The 30×30 Challenge

Why I took the challenge

For weeks I have been feeling rather down about something that I had been dealing with, it was on my mind quite a bit and it was waking me up in the middle of the night and I couldn’t go back to sleep.  After a few days of this, my husband, tired of seeing my grumpy face suggested that we go out  for a walk in Stanley Park.  It was raining pretty hard this day and my first inclination was to dig in, stay on the couch and continue to feel miserable while I tried to sort out the issues in my mind.  I reluctantly got into my gear, put on my shoes and we headed out, I was in serious pout mode and I would have rather have been going for a root canal.

 

We walked in silence for the first few blocks, I just wanted to go back home but as my body warmed up I began to realize that it felt good to be outside even if I was getting soaked.  We entered the park by Lost Lagoon, we wanted to see if there were any ducklings swimming around yet, still too early.  We headed up Tatlow trail and the minute I stepped into the trees I felt my anxiety start to subside and my mood begin to lift, I took a few deep breaths, deep into my lungs and stood there totally mindfully soaking in the beauty of nature, I had a overwhelming feeling of well being at that moment, it was a reminder to me of the healing power of being outside.  I returned from the 8 km walk tired but with a clear mind and I was happy that I had gone.

 

A few days later I saw the information for The David Suzuki 30×30 Challenge and decided that it was something I needed to put a honest effort into doing because I was reminded about what it could do for me.   Studies have shown that getting out into nature can lower blood pressure, anxiety and stress levels, and boost immunity. ‘Green time’ has also been shown to reduce feelings of anger and depression, while increasing energy, creativity and even generosity. At the very least, I will get some exercise.

 

So, please come and join me in my quest for zen, 30 minutes a day, what have you got to loose?

 

http://30×30.davidsuzuki.org/

 

 

It’s been a long time…..

It’s been a really long time since I sat down to write this blog, it’s been on my mind more and more lately to get back with it, even if to help my process along the way. It was my intention that I was going to write “as it happened” updates but it’s been so long that the finer details are long gone from my memory, many of them thankfully so and I will explain.

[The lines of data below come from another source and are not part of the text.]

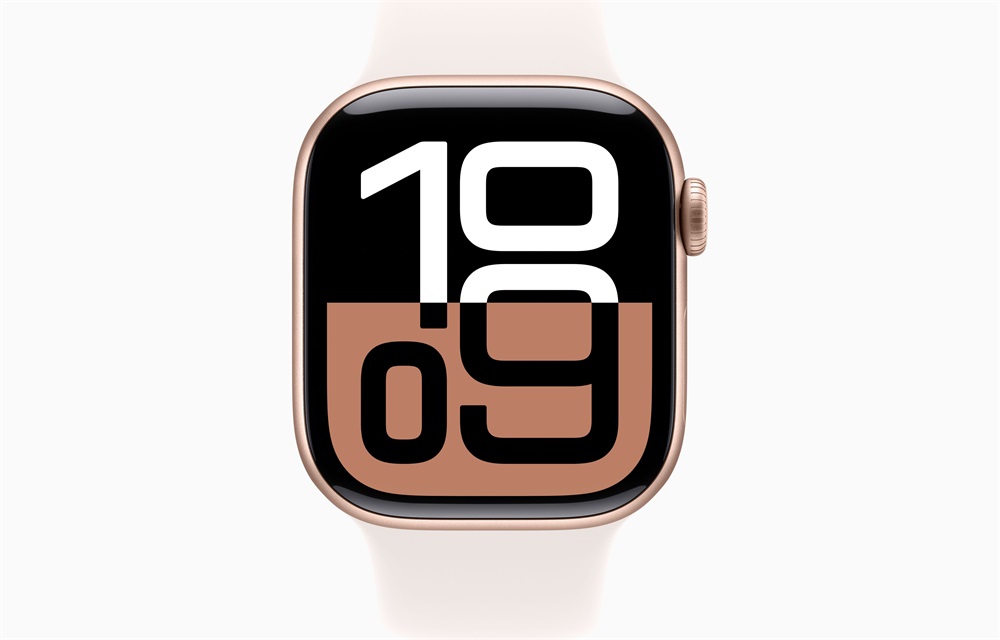 Apple Watch S10 GPS (42mm) rozéarany alumínium tok, lágy rózsaszín sportszíj (S/M) okosóra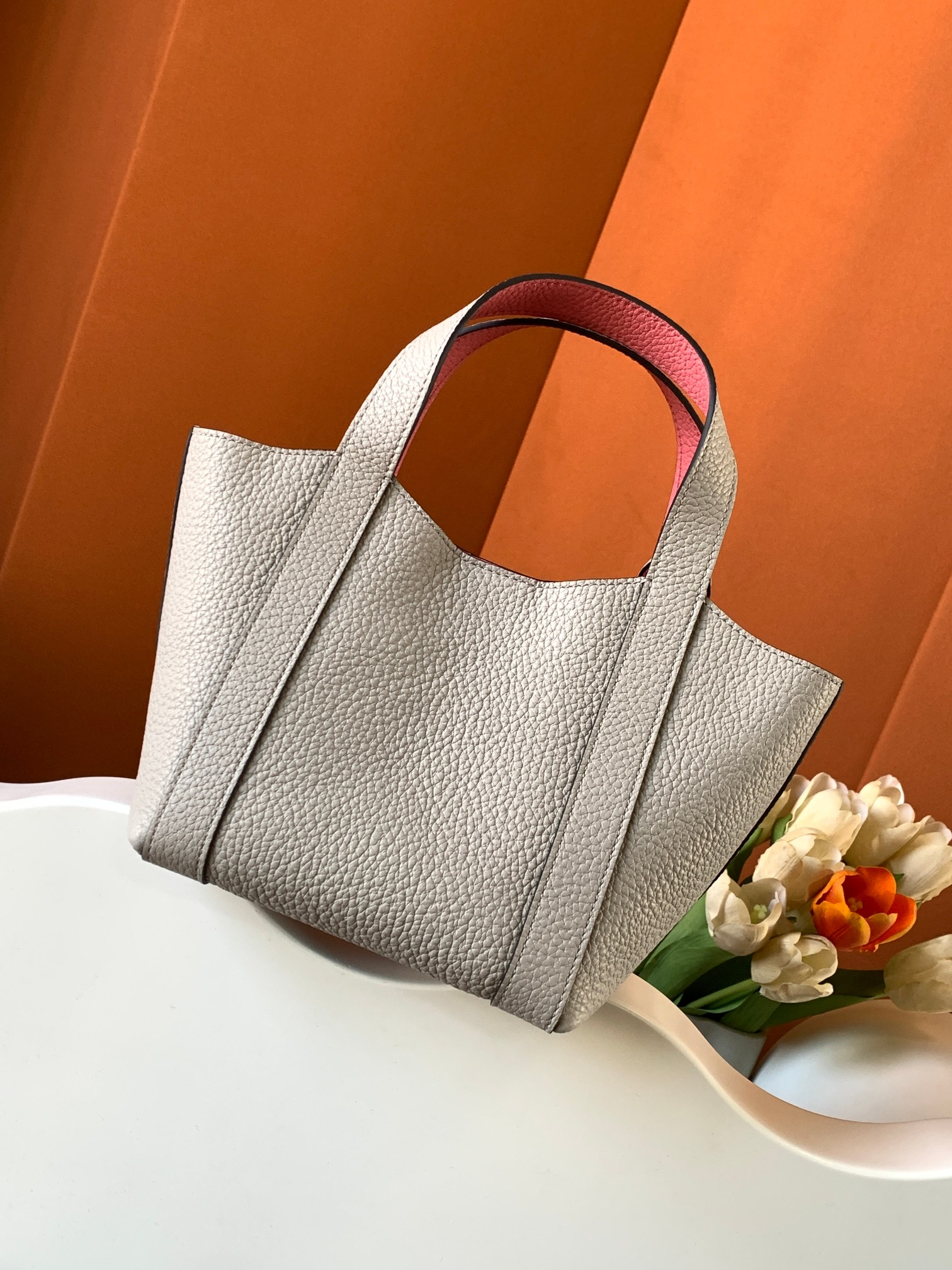 モイナ「Moynat」Duo Tote BB レザートートバッグ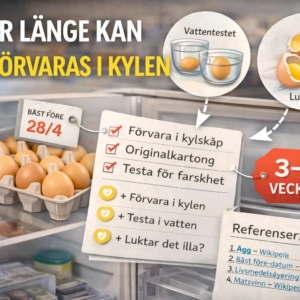 Hur Länge Kan Ägg Förvaras i Kylen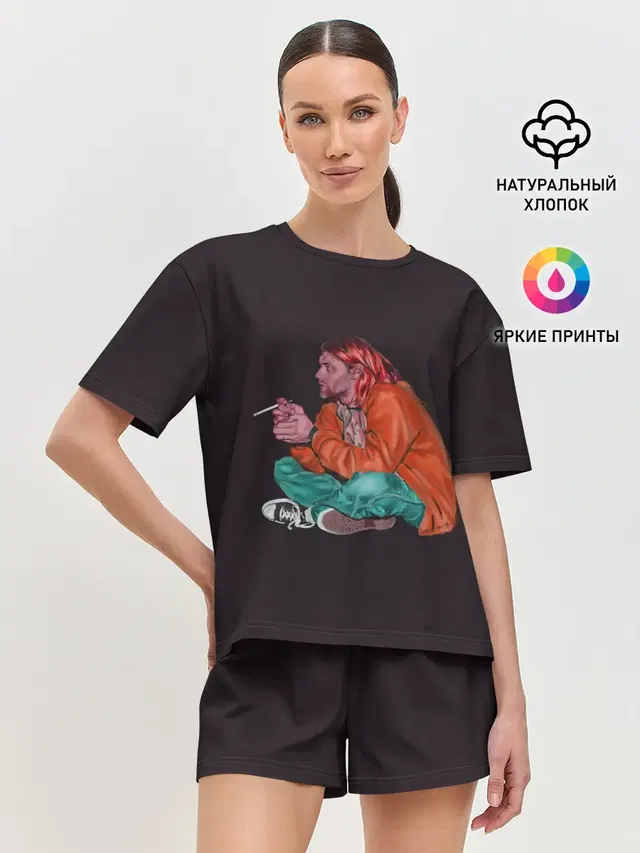 Женская пижама с шортами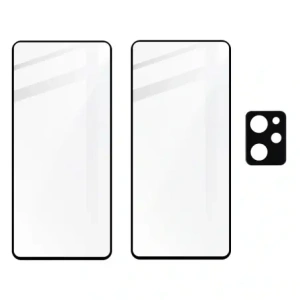 Kup 2x Sticlă de protecție + sticlă pentru cameră BIZON Edge 2 pentru Poco X5 Pro - BIZ2175 - {ean13} - Sklep Home Screen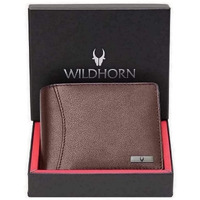 Wildhorn Rfid Protected Leather Wallet For Men, Walnut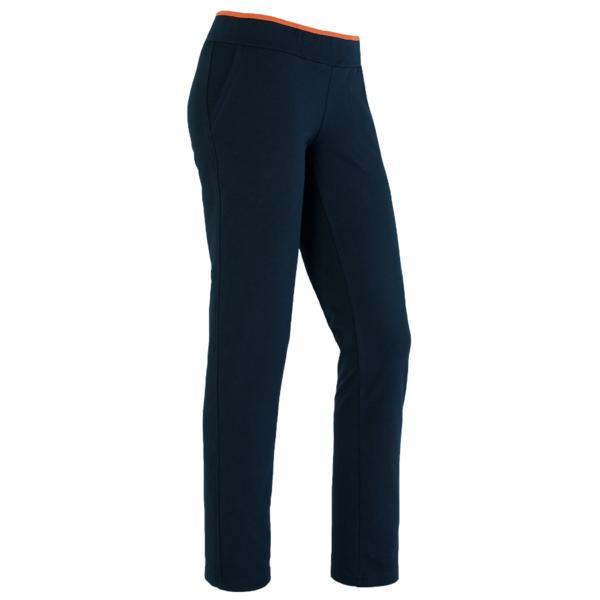 Pantaloni damă, bleumarin cu portocaliu, marime 3XL-46 - Lazo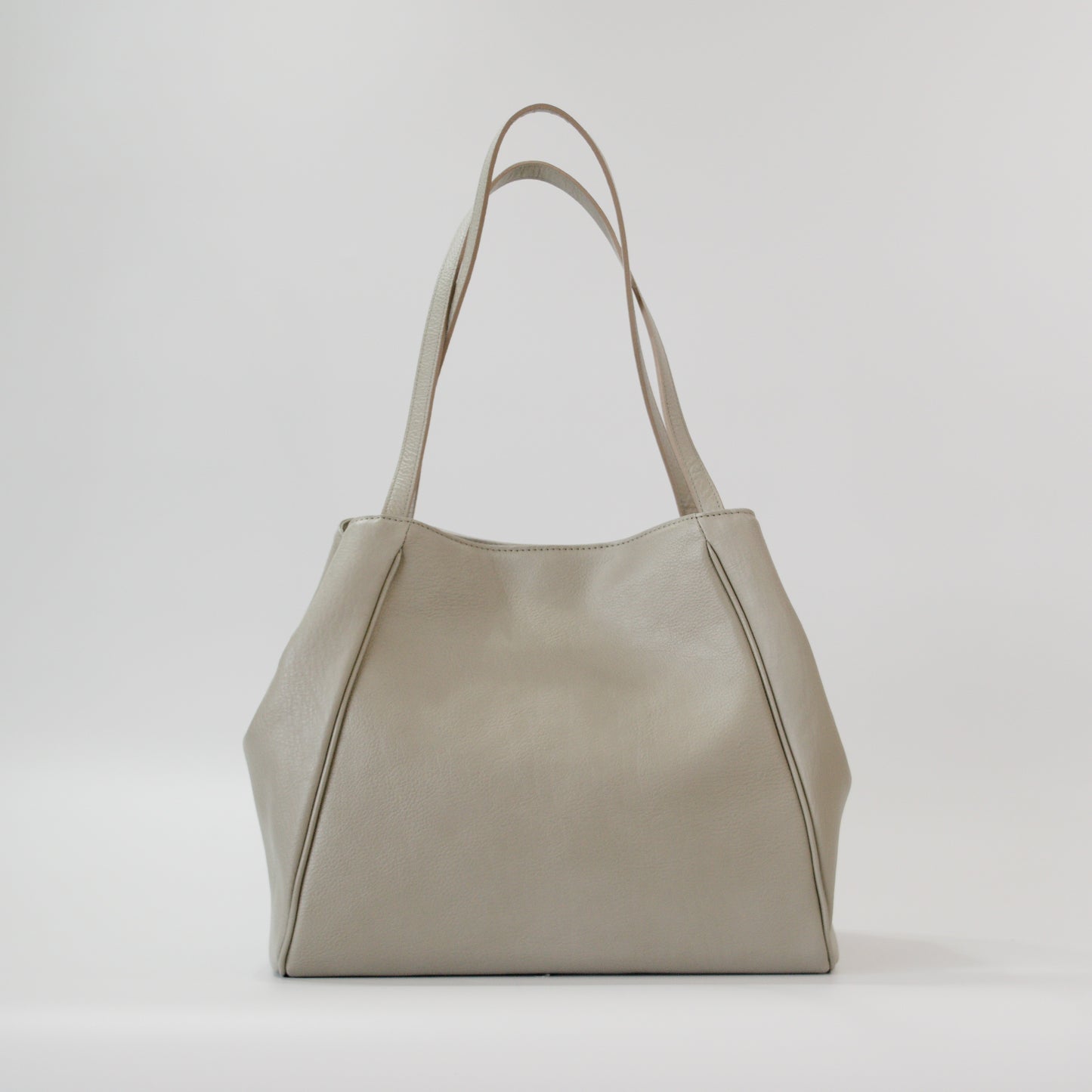 オリーブレザー フォルムチェンジA4トート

My last blog entry was about the very first shock from my ICD, it happened on May 3 of 2012 and although it was a traumatic event in itself, it was just the beginning of what was to come. Little did I know that from that date in May until March of 2013 I would be shocked 28 times, all legitimate and on one of those days, it would happen 11 times in a 4 hour period. The shocks only came in the morning and when I was a rest, I became so paranoid about the shocks that I watched the clock til noon then I felt safe. On more than one occasion I was sure I was going to die, I became a psychological mess, fear and anxiety were all that I knew during that time, I was afraid to be still, I was afraid to move around, I was afraid to go outside, I was afraid to go to sleep and I was afraid to be alone, it was a horrible time.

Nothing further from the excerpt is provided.